Storms are natural events, but floods are usually man-made disasters.
That’s because flood damage depends not only on how much water is involved, but on how many people and structures are in its path and how prior human intervention had affected that path. Government policies affect all three of those variables, which is one reason why “500-year floods”—which are supposed to have a 1-in-500 chance of occurring in a particular place in a particular year—are becoming so common.
Experts believe the main culprit is the explosive growth of low-lying riverine and coastal development, which has had the double effect of increasing floods (by replacing prairies and other natural sponges that hold water with pavement that deflects water) while moving more property into the path of those floods.
An investigation last year by ProPublica and the Texas Tribune found that the Houston area’s impervious surfaces increased by 25 percent from 1996 to 2011, as thousands of new homes were built around its bayous.

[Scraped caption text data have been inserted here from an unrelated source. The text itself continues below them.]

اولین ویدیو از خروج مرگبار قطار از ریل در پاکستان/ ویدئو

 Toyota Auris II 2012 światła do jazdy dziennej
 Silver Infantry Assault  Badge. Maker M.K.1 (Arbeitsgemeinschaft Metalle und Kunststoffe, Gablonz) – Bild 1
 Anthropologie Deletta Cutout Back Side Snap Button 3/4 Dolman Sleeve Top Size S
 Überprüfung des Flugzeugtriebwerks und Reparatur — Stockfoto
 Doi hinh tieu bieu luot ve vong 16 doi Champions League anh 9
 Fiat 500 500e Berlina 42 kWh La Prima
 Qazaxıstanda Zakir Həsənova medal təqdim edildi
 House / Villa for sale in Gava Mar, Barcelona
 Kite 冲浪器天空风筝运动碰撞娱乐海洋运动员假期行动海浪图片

Houston is renowned for its anything-goes zoning rules, but the feds have also promoted those trends by providing extremely cheap insurance in high-risk areas.
In 2012 Congress passed a rare bipartisan reform bill that would have jacked up flood insurance premiums to some semblance of actuarially sound levels within a few years. But after an uproar from coastal and riverfront communities, Congress reversed itself in equally bipartisan fashion in 2014, so most premiums will rise much more gradually, and won’t reflect actual risks for as long as two decades.